MAP: We Can’t Escape It

MAP testing follows students into high school to measure readiness for End of Course exams


Erin Williams

Freshman and sophomore students’ testing locations are posted in the main hallway.

Freshmen and sophomores thought they were done with MAP testing after graduating from the middle school, and after learning just last week that they’d have to take it again, they were not pleased.

“I don’t like it, especially because the test is for sixth graders,” sophomore Ayande Joseph said. 

Freshmen and sophomores took the Measure of Academic Progress English test yesterday during second period. Today, they took the MAP math test. The high school is following an assembly schedule, which extends second period, to accommodate the tests.

The MAP test’s job is to track students’ growth between testing events. Principal Eric Juli said that there are three reasons for the district’s decision to administer the test, which Juli communicated to teachers March 1. 

First, Juli said Ohio no longer requires ninth graders to take the English End of Course Exam.
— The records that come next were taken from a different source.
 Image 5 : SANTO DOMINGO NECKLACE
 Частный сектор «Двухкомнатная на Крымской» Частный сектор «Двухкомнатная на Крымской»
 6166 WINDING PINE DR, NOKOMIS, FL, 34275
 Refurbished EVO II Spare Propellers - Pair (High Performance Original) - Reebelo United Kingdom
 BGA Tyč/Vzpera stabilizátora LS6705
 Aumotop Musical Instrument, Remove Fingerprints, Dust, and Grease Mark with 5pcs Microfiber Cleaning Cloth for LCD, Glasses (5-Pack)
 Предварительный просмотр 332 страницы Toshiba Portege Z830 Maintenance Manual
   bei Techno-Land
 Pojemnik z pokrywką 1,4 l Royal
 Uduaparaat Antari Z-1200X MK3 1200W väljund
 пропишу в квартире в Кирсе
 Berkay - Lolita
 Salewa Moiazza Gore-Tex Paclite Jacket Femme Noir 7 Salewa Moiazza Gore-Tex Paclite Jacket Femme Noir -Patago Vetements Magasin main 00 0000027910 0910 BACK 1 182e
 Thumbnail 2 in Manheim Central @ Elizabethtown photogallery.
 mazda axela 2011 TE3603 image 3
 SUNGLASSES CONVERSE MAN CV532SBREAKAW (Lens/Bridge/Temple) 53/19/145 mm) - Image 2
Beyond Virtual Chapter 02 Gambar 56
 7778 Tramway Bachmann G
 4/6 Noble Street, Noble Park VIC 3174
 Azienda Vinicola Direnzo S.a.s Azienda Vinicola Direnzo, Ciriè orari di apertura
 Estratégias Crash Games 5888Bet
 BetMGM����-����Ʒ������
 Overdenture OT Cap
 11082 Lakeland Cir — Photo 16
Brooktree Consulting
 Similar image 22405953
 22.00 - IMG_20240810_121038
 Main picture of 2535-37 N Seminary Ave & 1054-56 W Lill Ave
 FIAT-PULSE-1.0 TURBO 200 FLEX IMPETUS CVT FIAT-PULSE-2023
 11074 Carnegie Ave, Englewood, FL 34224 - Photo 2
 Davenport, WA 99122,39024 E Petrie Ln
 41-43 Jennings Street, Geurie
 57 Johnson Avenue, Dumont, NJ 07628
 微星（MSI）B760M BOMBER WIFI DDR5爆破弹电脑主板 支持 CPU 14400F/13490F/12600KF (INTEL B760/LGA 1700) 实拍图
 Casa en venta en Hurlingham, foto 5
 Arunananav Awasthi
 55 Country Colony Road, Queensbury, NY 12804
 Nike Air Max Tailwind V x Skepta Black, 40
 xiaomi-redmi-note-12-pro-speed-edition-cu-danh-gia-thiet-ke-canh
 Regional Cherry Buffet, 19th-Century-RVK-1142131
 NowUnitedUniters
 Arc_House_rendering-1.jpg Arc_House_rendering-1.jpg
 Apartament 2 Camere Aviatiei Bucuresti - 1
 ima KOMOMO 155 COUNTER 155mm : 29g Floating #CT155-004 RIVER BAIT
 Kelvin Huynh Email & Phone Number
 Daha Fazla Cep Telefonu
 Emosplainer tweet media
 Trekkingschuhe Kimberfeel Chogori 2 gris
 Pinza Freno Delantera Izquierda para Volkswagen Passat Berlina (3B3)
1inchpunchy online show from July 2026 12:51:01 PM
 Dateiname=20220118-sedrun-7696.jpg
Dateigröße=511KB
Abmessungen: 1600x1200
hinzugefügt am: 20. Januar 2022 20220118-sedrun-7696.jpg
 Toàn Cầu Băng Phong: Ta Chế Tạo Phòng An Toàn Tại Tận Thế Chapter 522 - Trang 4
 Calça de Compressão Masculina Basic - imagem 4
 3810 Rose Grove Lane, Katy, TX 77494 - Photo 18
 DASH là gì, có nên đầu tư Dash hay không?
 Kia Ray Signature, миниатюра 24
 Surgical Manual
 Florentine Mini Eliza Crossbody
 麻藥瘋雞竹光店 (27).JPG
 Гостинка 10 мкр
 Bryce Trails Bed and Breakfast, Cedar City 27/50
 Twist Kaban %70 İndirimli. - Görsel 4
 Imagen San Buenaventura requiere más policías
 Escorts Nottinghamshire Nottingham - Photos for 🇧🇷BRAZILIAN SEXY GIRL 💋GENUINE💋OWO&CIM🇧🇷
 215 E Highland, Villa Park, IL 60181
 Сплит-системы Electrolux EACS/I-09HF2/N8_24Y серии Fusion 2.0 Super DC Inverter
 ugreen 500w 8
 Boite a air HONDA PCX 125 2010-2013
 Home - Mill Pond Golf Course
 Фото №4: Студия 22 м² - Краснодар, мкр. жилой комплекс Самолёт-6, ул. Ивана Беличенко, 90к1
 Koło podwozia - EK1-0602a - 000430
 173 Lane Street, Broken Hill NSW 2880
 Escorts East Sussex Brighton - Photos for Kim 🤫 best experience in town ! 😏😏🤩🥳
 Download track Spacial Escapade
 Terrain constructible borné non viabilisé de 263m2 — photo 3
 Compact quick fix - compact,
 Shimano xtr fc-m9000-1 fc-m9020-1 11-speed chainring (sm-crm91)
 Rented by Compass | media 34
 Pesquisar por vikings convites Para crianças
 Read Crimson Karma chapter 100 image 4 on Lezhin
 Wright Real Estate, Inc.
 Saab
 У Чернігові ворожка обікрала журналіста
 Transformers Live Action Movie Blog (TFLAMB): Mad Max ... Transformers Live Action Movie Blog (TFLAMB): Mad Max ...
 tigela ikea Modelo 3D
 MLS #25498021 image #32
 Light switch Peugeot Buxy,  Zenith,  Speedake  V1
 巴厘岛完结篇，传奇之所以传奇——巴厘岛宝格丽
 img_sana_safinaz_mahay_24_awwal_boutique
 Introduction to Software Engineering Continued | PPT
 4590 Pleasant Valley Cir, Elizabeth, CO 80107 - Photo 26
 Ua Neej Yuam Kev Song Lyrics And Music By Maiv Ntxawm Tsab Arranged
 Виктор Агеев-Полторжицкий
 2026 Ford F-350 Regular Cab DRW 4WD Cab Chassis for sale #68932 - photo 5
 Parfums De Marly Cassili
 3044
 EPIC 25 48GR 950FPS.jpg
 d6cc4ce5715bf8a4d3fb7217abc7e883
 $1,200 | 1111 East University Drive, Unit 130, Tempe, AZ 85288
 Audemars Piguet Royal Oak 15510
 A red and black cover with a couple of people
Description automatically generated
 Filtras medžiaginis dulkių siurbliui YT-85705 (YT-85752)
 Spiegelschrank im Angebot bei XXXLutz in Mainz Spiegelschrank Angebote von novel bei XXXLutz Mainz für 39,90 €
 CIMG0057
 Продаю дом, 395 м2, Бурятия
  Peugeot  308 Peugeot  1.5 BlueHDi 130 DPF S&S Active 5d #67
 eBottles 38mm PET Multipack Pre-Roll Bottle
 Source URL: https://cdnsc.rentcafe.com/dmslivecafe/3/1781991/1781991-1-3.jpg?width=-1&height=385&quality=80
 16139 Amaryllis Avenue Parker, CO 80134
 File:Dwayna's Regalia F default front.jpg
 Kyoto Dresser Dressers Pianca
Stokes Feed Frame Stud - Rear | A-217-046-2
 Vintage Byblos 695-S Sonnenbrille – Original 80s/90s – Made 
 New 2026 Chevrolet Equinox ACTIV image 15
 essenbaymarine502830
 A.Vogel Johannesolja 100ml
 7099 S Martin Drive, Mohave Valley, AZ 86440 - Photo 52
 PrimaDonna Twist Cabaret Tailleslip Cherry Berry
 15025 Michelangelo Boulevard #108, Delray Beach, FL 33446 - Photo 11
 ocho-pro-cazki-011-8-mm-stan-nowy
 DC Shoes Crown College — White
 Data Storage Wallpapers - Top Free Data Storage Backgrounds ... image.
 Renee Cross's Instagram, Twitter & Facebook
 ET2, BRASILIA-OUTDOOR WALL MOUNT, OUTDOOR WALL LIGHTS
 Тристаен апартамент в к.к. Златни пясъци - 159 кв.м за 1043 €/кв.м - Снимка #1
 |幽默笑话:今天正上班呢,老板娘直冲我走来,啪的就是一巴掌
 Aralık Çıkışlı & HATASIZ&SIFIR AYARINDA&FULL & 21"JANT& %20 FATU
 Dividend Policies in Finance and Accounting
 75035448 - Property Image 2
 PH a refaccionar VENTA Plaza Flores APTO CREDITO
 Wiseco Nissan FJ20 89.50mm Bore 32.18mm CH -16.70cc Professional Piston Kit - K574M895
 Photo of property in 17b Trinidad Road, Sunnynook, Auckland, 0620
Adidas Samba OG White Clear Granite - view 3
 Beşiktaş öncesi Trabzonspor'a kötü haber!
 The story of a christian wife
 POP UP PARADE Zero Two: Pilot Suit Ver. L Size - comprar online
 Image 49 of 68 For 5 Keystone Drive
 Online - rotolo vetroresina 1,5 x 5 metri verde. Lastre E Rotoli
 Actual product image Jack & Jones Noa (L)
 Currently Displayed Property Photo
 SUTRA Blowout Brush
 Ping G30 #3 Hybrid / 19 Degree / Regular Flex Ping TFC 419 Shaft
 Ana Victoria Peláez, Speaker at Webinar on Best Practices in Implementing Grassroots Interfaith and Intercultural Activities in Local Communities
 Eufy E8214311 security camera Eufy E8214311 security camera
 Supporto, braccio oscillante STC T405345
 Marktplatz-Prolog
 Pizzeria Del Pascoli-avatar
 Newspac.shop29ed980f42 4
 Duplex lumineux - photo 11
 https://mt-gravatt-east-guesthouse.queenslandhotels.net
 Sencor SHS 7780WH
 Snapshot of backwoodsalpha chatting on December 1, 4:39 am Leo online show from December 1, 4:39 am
Although this is “good because it’s one less graduation test to take,” said Juli, “we still need to know if students are on track to take the tenth-grade English graduation test.”

Juli said these MAP tests will provide data to help the school determine where students are near the end of their freshman year so they can be prepared to take their sophomore EOC exam, which he calls a “graduation test.” 

Juli said the high school is adding intervention courses for students who are struggling in English, math, science and social studies. “The intervention courses are intended to help any student who needs help passing the EOC or passing a class, or learning content they didn’t learn the first time,” he said. MAP test scores will be considered when assigning students to take the intervention classes, which will be taught by current Shaker staff. 

Juli said a change in Ohio’s graduation requirements also prompted this week’s MAP tests. Ohio students must pass six End of Course Exams to earn a diploma. In the last few years, the state has allowed five “alternative pathways” for students who did not pass the tests to graduate. 

“It gave us a safety net for anyone who was struggling to pass the tests,” he said. But this year’s seniors are the last group who can graduate through an alternative path, so passing the EOC exams will be even more important for students going forward. 

“I’m not looking to add more tests — we take plenty of tests — but I am looking for every single student to graduate from high school,” Juli said. Juniors and seniors did not take the MAP tests this week because the district can use their PSAT and SAT scores to assess EOC readiness.

“It’s really frustrating to kids when somebody says to them, ‘I think you should be in this and I think you shouldn’t be in this’ ” class, Juli said. Taking the MAP will help set criteria for who should take what classes, he said. 

But MAP test scores alone will not determine students’ schedules. “There are always other factors,” said Juli. “We don’t ever deal in absolutes like that, but it matters that you try on it because we are gonna use the information.” He advises students to try their best because if they do not, students may have to take an intervention class or a lower track class. 

Sophomore Diana Martins said, “I’m trying harder than I normally do this time because I heard that it could possibly determine class placement.”